ACTIVITY: Skip the pictures and restate, word for word, the lines from the one containing "13130 Sunset Trl N, Plymouth, MN 55441" to the end of the data below.

BEGIN EXERCISE MATERIALS

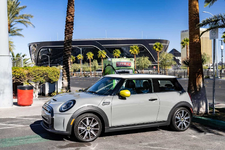 P90474817-mini-cooper-se-09-2022-2250px.webp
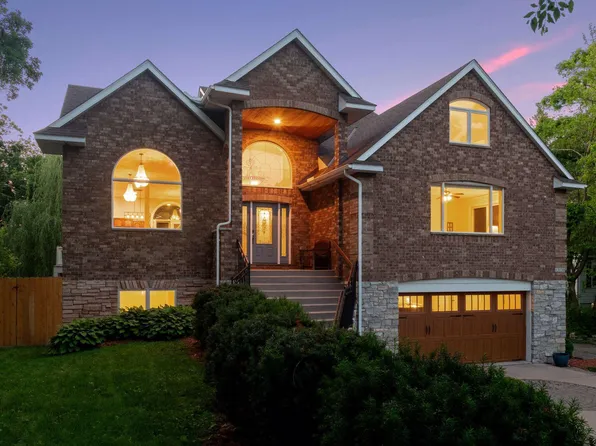 13130 Sunset Trl N, Plymouth, MN 55441
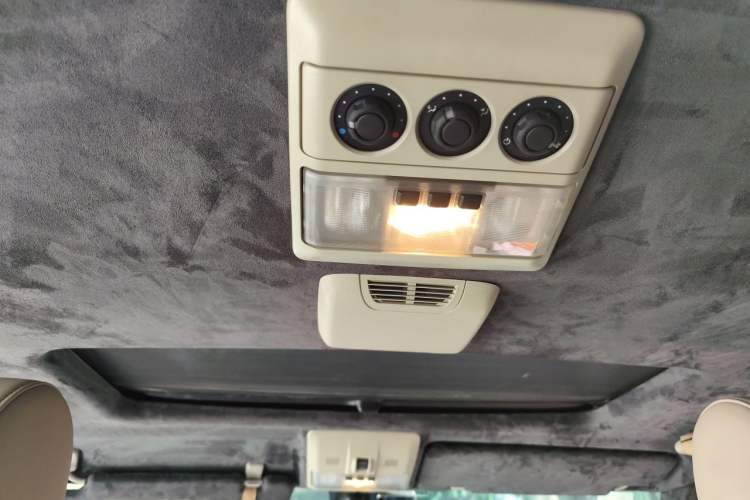 Used Land Rover Discovery 2013 3.0 SDV6 HSE Diesel Edition Headliner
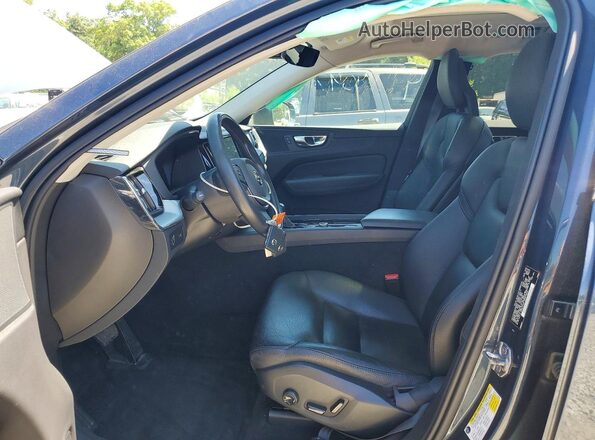 YV4102RK5J1064855 2018 VOLVO XC60 Синий Вид салона спереди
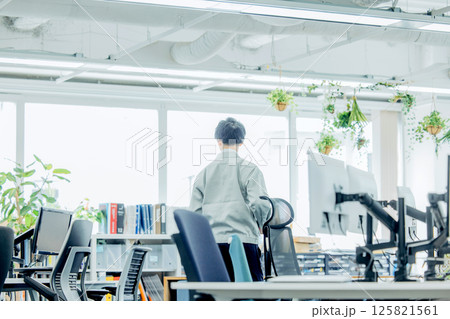 作業着を着た男性　後ろ姿 125821561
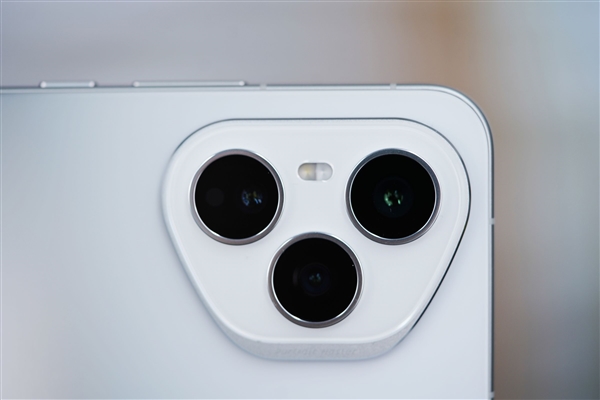 旷野舷窗镜头很独特！荣耀400 PRO揽月银图赏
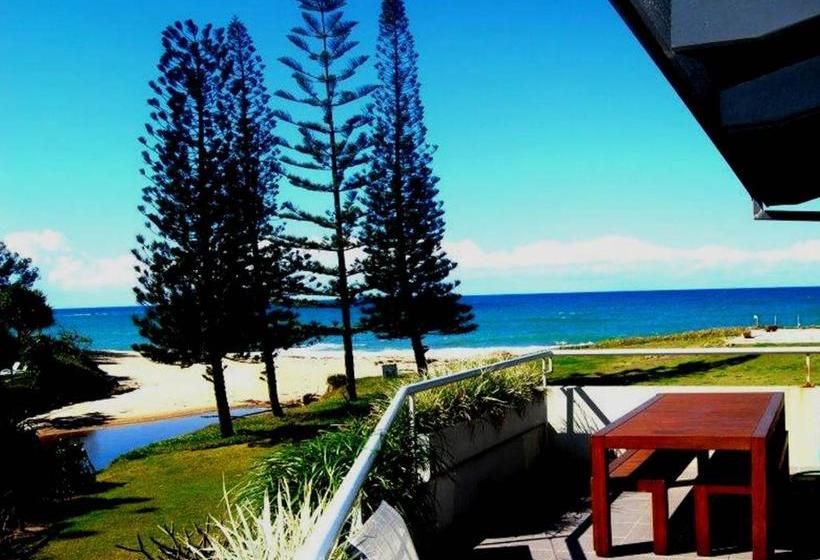 Nautilus Beachfront Villas & Spa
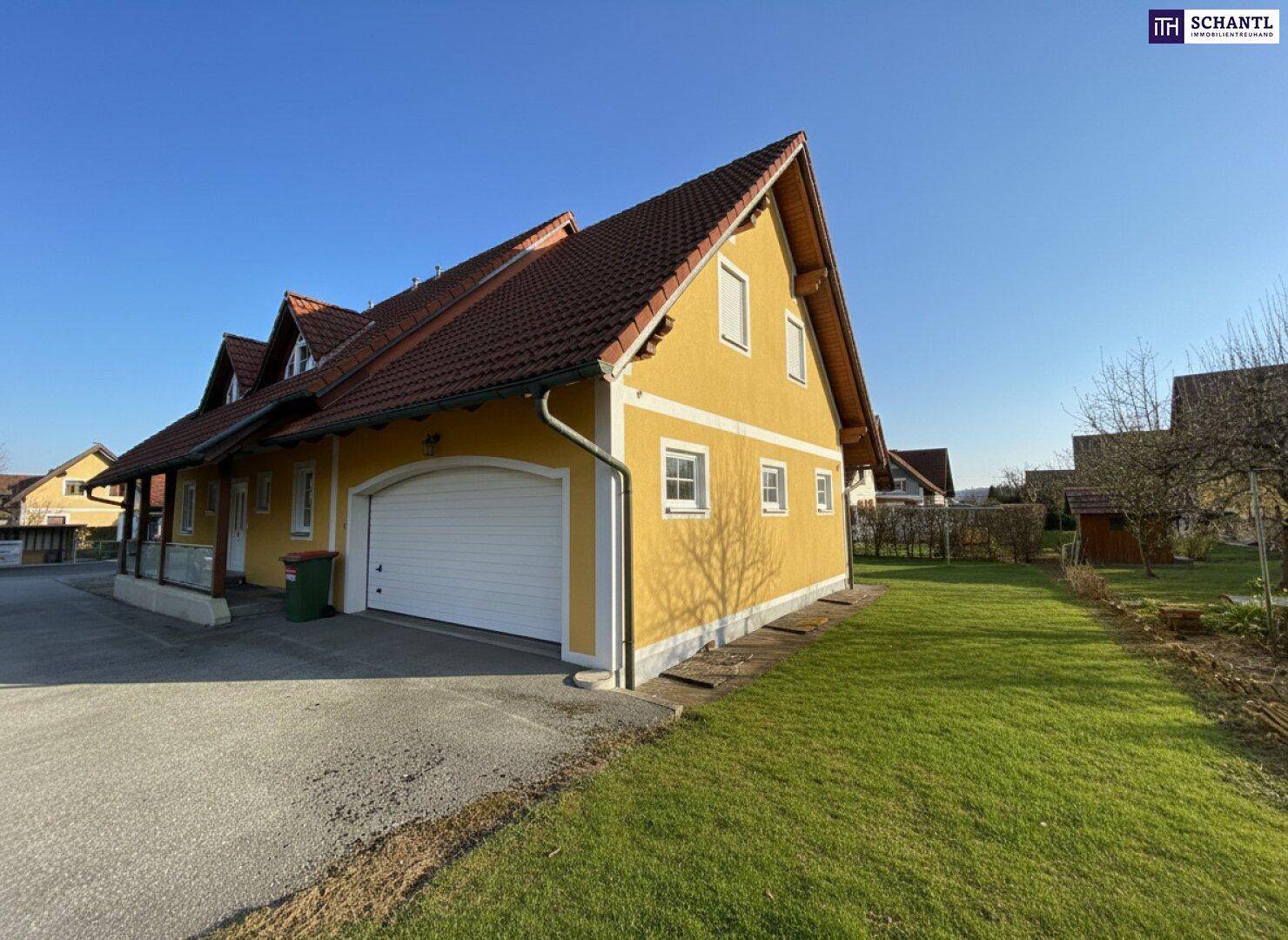 SONNENLAGE - Neuwertiges ca. 160 m² großes Traumhaus mit idyllischem Garten + Terrasse, 2 Garagen &amp; Top-Ausstattung in Ruhelage - Ansicht 3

END EXERCISE MATERIALS

OUTPUT FOR THIS EXERCISE:
 13130 Sunset Trl N, Plymouth, MN 55441
 Used Land Rover Discovery 2013 3.0 SDV6 HSE Diesel Edition Headliner
 YV4102RK5J1064855 2018 VOLVO XC60 Синий Вид салона спереди
 作業着を着た男性　後ろ姿 125821561
 旷野舷窗镜头很独特！荣耀400 PRO揽月银图赏
 Nautilus Beachfront Villas & Spa
 SONNENLAGE - Neuwertiges ca. 160 m² großes Traumhaus mit idyllischem Garten + Terrasse, 2 Garagen &amp; Top-Ausstattung in Ruhelage - Ansicht 3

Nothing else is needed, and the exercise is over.